Velocity was a big theme at SXSW this year. Velocity is speed with purpose. Astro Teller, Head of the "Moonshot Factory" GoogleX, gave a fantastic keynote on the importance of failing fast because you learn more quickly and it's cheaper. When asked if he was afraid of the pace of technological innovation, he replied that it wasnt the speed of technology he was worried about, it was our inability to react to that change.
This was also clear in another great keynote by United Therapeutics Founder and CEO Martine Rothblatt, who talked about the need for society to have the conversation around "mindclones"--digital manifestations of ourselves, complete with their own rights, values, and ability to disagree with us, and that government bodies need to move faster to start making laws for such realities.
At our sponsored event, the Social Health Startup Bootcamp, Polina Hanin of StartUp Health said that she's seeing more and more corporate-backed VC funds for sparking innovation in digital health outside the walls of the corporation. She says this is because of the need for speed, thus outsourced innovation.
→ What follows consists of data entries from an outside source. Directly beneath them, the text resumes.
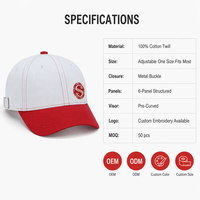 Casquette de baseball de luxe personnalisée à 6 panneaux en sergé, imprimé vague topographique dégradé violet, pré-courbée, unisexe, ajustable, style streetwear, snapback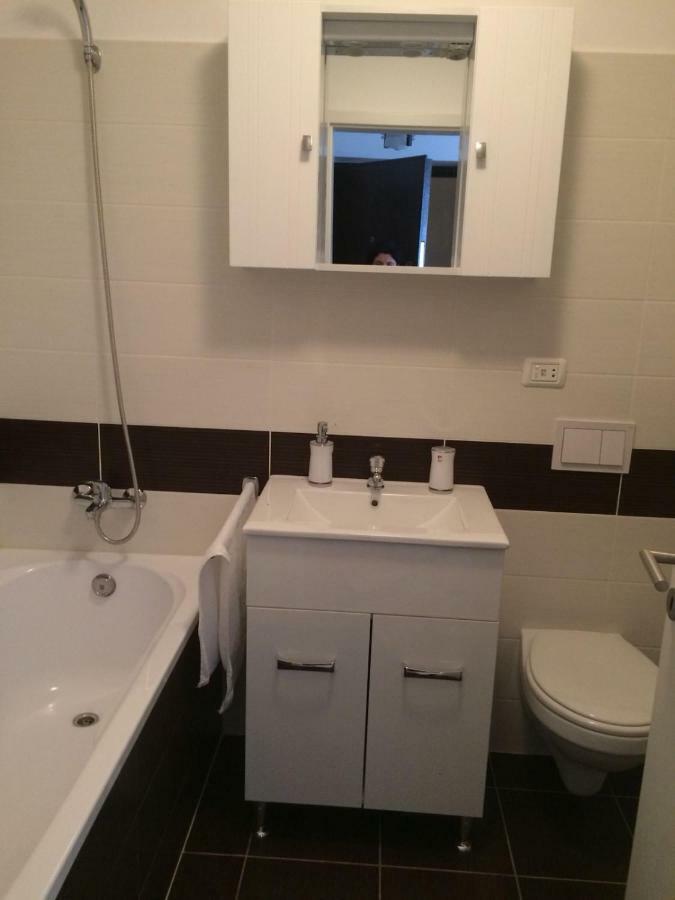Apartament De Inchiriat Olimpic Rezidence บราชอฟ ภายนอก รูปภาพ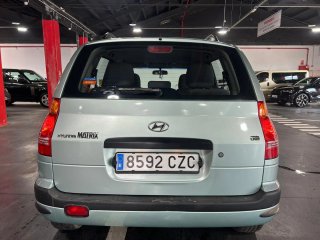 Hyundai Matrix 2004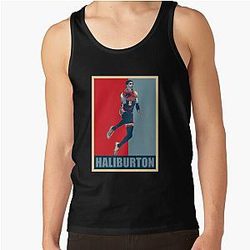 Tyrese Haliburton Hope Tank Top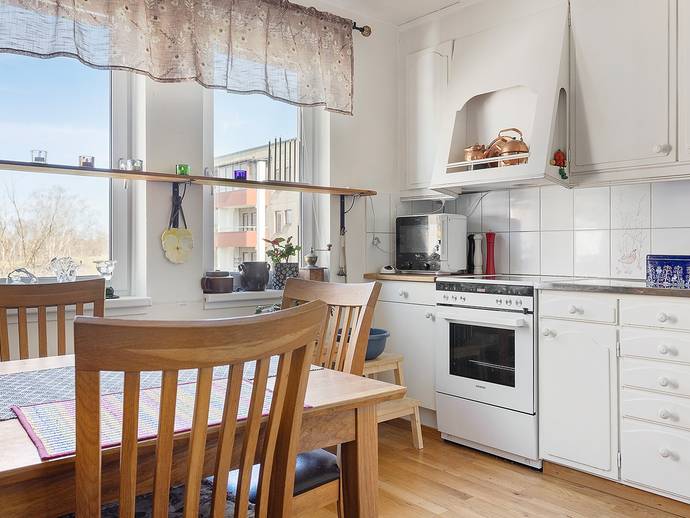 2 rok · 61 m² · Ormingeringen 74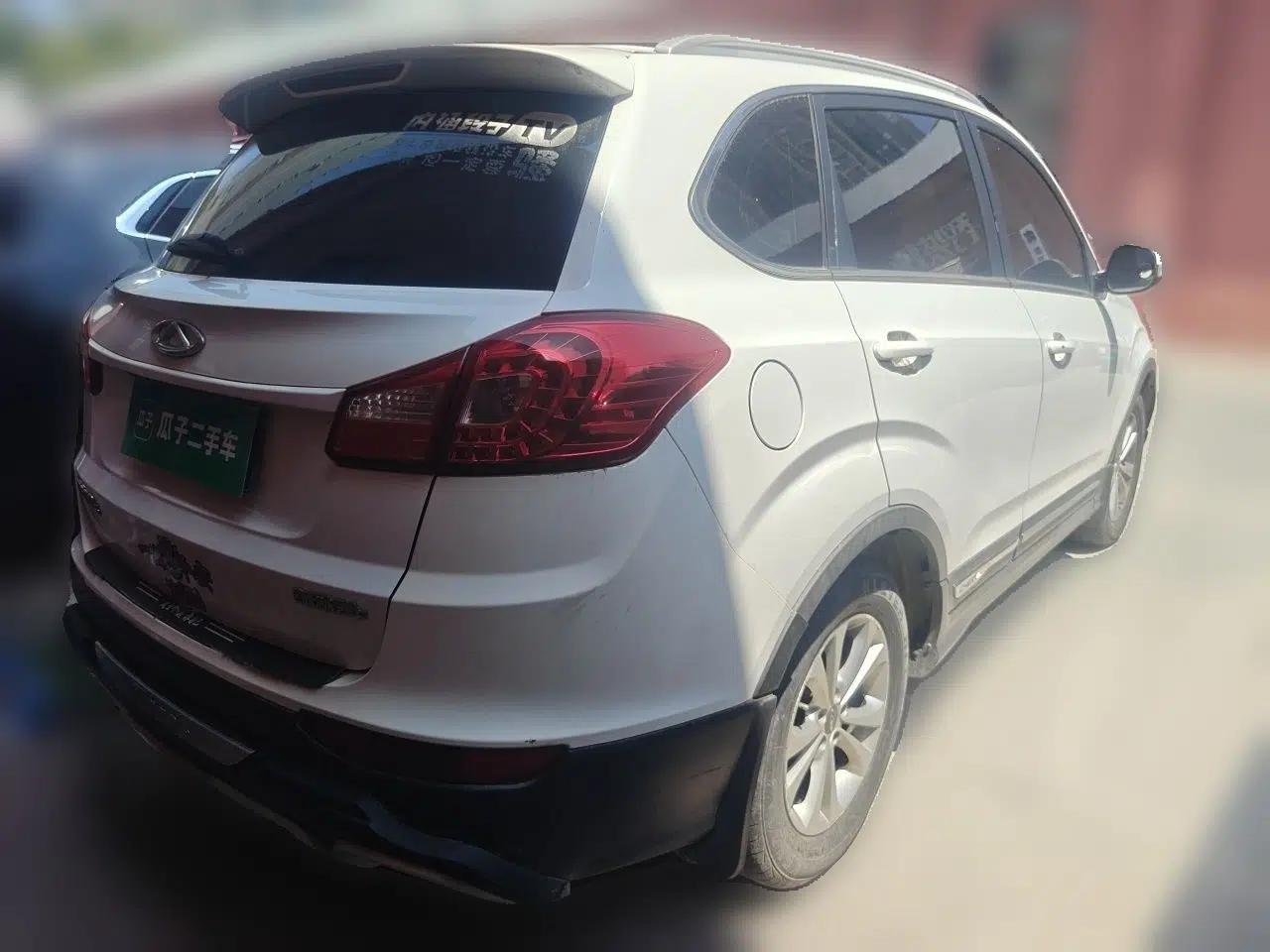 Chery Tiggo 5 2014 2.0L CVT Joyful Edition — миниатюра 6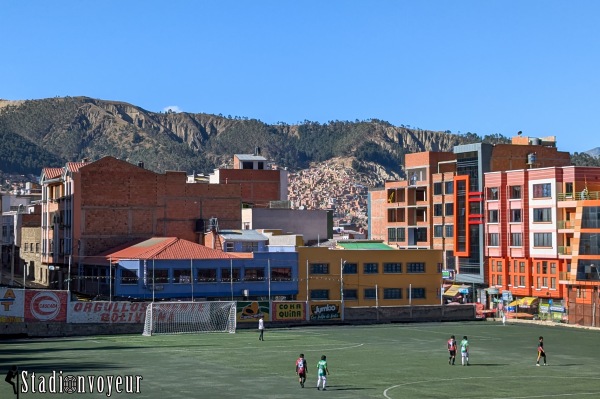 Cancha El Tejar - La Paz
For brands, marketing velocity can be tricky. Topical relevance is transient and erodes quickly with time. Content turnaround needs to be fast. But sometimes brands get too caught up on the trend and forget their purpose. Instead of creating a context for better decision-making, they end up "buzzwedging" into something trending (a new word I learned at SXSW that means jarringly inserting your brand into a trend despite being off-brand.)